There are many different willows but the two that seemed to be of most interest to us were the osier (which was used to make wicker chairs and even The Wicker Man from the film of the same name) and the pussy willow which, in Irish lore, protects against 'enchantment'. Heaven forbid I should ever become enchanted!


BEECH (FAGUS)

There are no interesting stories or facts about the beech tree whatsoever.


POPLAR (POPULUS)

As already established, poplars are seen as complicit in the crucifixion of the infamous middle eastern confidence trickster Jesus Christ. As such their swaying in the breeze is considered by some to be guilty trembling. Hmmm.


YEW (TAXUS BACCATA)

Its name sullied further of late by association with notorious paedophiles and sex offenders like Gary Glitter, Max Clifford, and Rolf Harris, the yew has never been a friendly tree. Everything on a yew, bar the flesh of its fruit, is poisonous and for many it is the tree of death and the ancient Greek goddess Hecate held the tree to be sacred. Hecate was goddess of, among other things, witchcraft, magic, ghosts, sorcery, and necromancy.
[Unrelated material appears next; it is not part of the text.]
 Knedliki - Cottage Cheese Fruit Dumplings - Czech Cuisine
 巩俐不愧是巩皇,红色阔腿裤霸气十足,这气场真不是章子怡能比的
Despite all of this negativity the yew can live to be one thousand years old and is seen as a symbol of eternal life. Often seen in graveyards (perhaps unsurprisingly as they represent both life and death) there's a yew tree in a churchyard in Brittany whose branches are said to have entered each and every coffin there and grown into the mouth of each and every corpse. Yew is seen as excellent material for magic wands and George finished off his tree talk with a song dedicated to the macabre and mysterious yew. This time even I joined in the chorus. Which consisted simply of repeating the word 'BURN' nine times in a row.


With a Q&A that took in the deforestation of Iceland, talking cows and donkeys, a man made entirely of wood, the patriarchy, the folk song collector AL Lloyd, John Barleycorn, and the difference between forests and chases it had been a fascinating, enlightening, and enjoyable evening and in George, SELFS is blessed with a curator, administrator, presenter, and singer with both a singular and a generous talent.

It's a delight to spend an evening in his company and future events regarding the folklore of railways, stone circles, and even watching the 1920s silent horror film Haxan (accompanied by a prog-rock Moog soundtrack) in Wanstead all sounded incredibly tempting and will, surely, draw as impressive a turnout as A Folklore of Trees did. The air that trees provide helps us breathe and helps us grow physically but taking a look inside the wonderful and frightening world of trees helps us grow mentally. I dug the talk and I think I'm gonna stick to these SELFS evenings however they branch out in the future. On the way home I looked at trees and I saw not only wood and leaves, I saw multitudes. I saw infinity.